27 Discussion on High Watermarks and Leader Epochs

27 Discussion on High Watermarks and Leader Epochs #

Hello, I’m Hu Xi. Today, I want to share with you the topic of High Watermark and Leader Epoch in Kafka.

You may have heard of High Watermark, but perhaps not Leader Epoch. The former is a very important concept in Kafka, while the latter was introduced by the community in version 0.11 to address some shortcomings of the High Watermark mechanism. Given the significance of the High Watermark mechanism in Kafka and its popularity among interviewers, today we will focus on discussing High Watermark. Of course, we will also spend some time discussing Leader Epoch and its role.

What is High Watermark? #

First of all, let’s clarify the basic definition: what is a water level? Or, what is a watermark? The term “watermark” is commonly used in the field of stream processing, such as in frameworks like Spark Streaming or Flink. The classic definition of a watermark in textbooks is often as follows:

At time T, if all events with a creation time (Event Time) before or at T’ have arrived or been observed, where T’≤T, then T is defined as the watermark.

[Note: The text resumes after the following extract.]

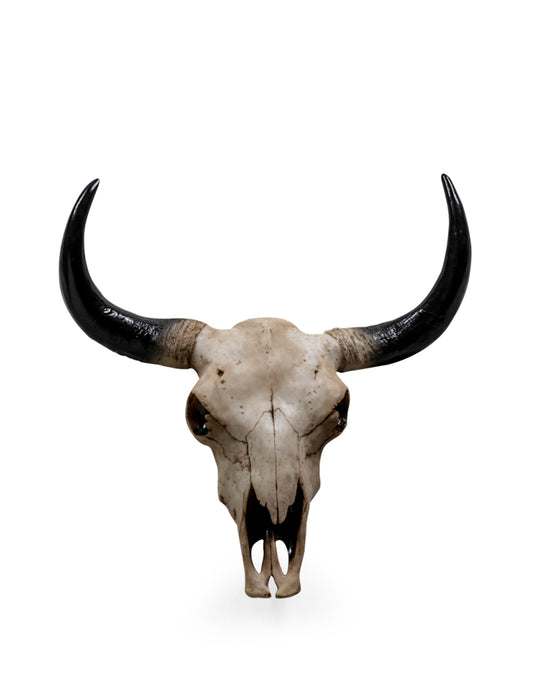 Large Bison Skull Wall Head – Stunning Wall-Mounted Bison | Sign of the times Stoke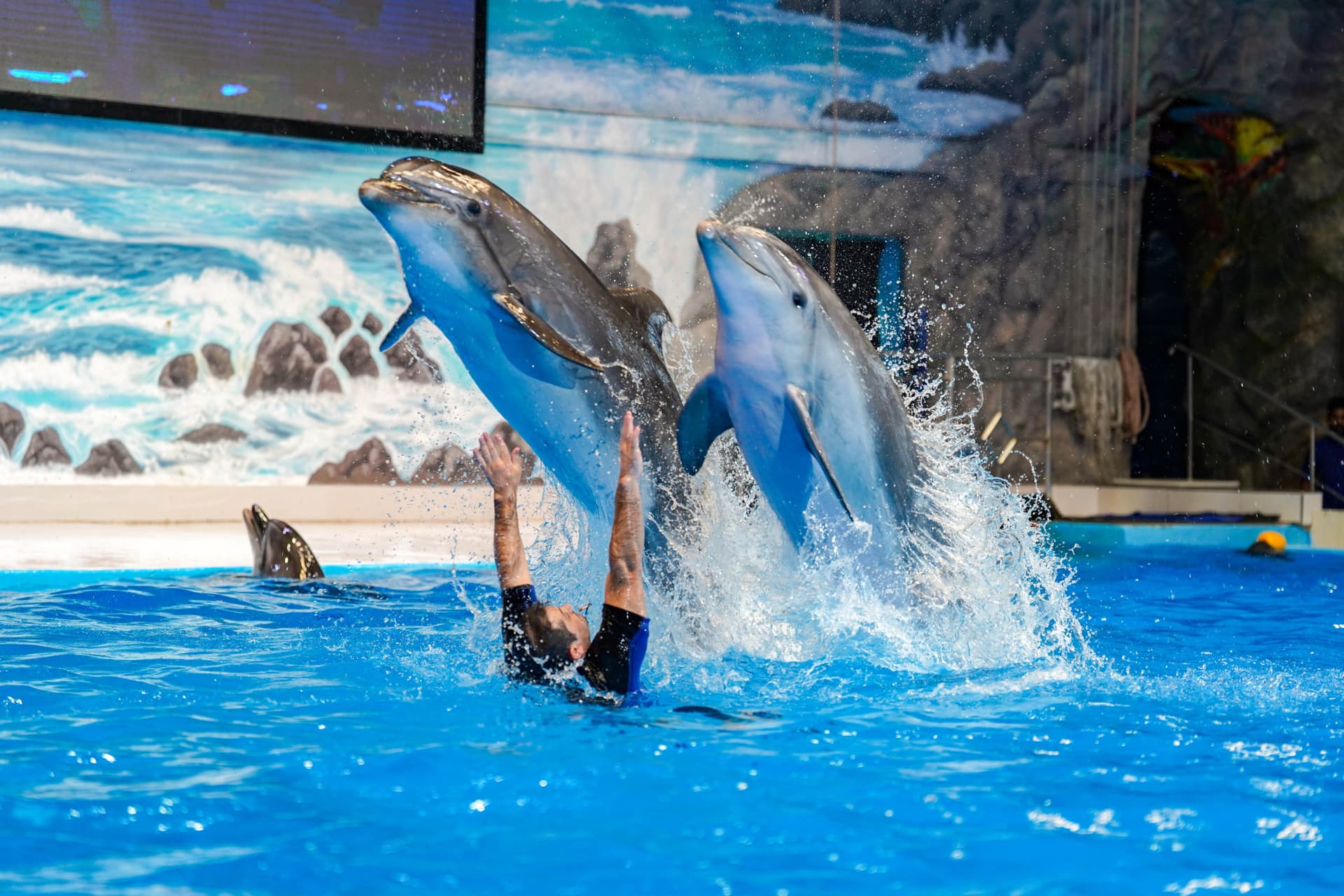 Entrada para Dubai Dolphinarium - imagen 2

The book “Streaming System” describes a watermark as follows:

A watermark is a monotonically increasing timestamp that represents the time of the oldest work not yet completed.

To help you better understand the watermark, let me use a diagram from this book to illustrate.

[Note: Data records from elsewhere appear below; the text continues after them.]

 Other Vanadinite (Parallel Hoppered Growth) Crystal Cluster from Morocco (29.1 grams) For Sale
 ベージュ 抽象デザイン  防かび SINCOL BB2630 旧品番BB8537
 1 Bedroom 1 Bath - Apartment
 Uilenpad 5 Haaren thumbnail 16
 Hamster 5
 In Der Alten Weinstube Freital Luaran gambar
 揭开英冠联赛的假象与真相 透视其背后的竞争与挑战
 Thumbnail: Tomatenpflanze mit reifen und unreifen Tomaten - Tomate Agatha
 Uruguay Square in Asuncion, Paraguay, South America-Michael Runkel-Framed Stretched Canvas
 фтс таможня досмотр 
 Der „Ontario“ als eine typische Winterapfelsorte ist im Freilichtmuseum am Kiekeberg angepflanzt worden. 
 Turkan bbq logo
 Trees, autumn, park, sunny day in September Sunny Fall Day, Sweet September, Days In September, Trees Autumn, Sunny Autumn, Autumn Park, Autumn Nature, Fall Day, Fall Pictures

The blue section labeled “Completed” in the diagram represents the completed work, while the red section labeled “In-Flight” represents the work that is currently in progress. The boundary between the two is the watermark.

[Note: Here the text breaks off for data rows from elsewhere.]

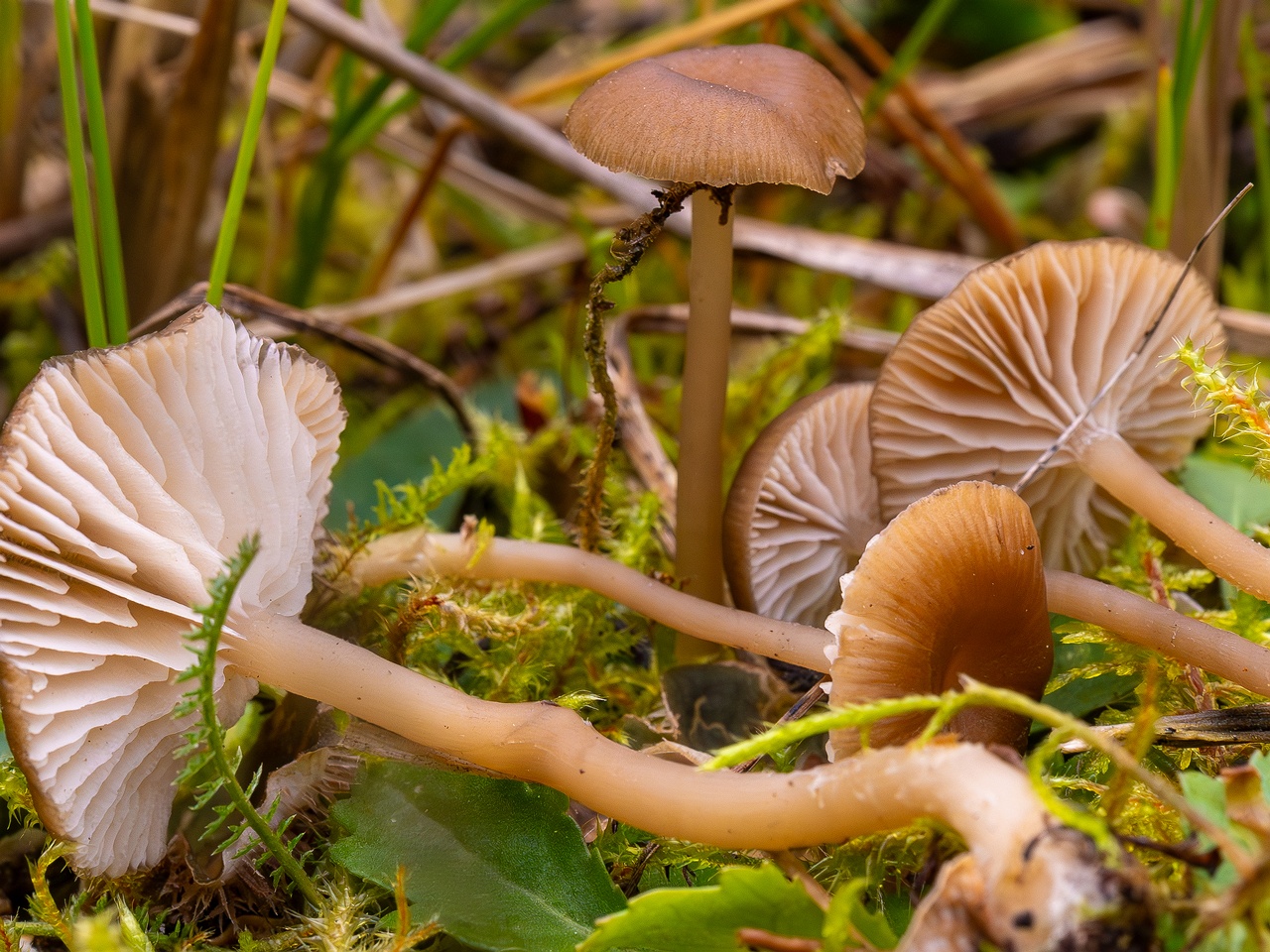 Gamundia striatula _2025-10-19_1-5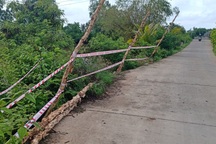 Đường vào chùa có tượng Quan Âm cao nhất miền Tây sạt lở, cấm ô tô đi lại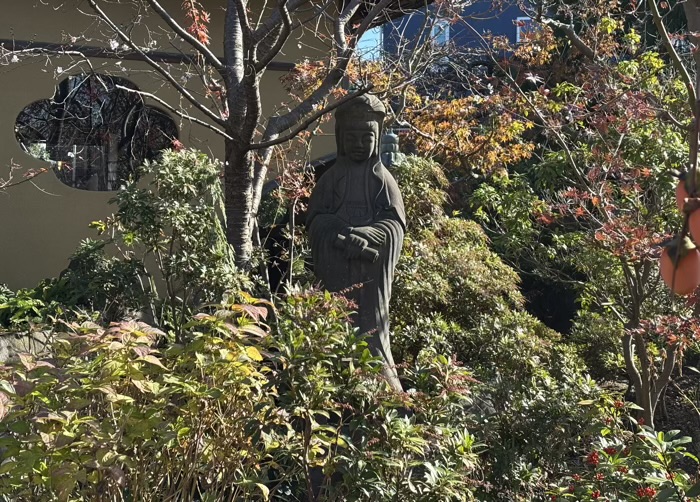 大和　常泉寺　椿の丘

In the world of Kafka, the concept of a watermark is slightly different. The Kafka watermark is not a timestamp and is unrelated to time. It is associated with position information and specifically represented by message offsets. Additionally, in the Kafka source code, the term used is “high watermark”. Therefore, today I will also use the term “high watermark” or its abbreviation HW for discussion. It’s worth noting that Kafka also has a low watermark, which is a concept related to message deletion in Kafka. However, it is not directly related to the topic we are discussing today, so I won’t go into detail about it.

The Role of High Watermark #

In Kafka, the high watermark serves two main purposes.

  1. Defining message visibility, which identifies which messages in the partition can be consumed by consumers.
  2. Facilitating replica synchronization in Kafka.

The following image shows several Kafka terms related to the high watermark. I will explain the content of the image in detail and clarify some common misconceptions.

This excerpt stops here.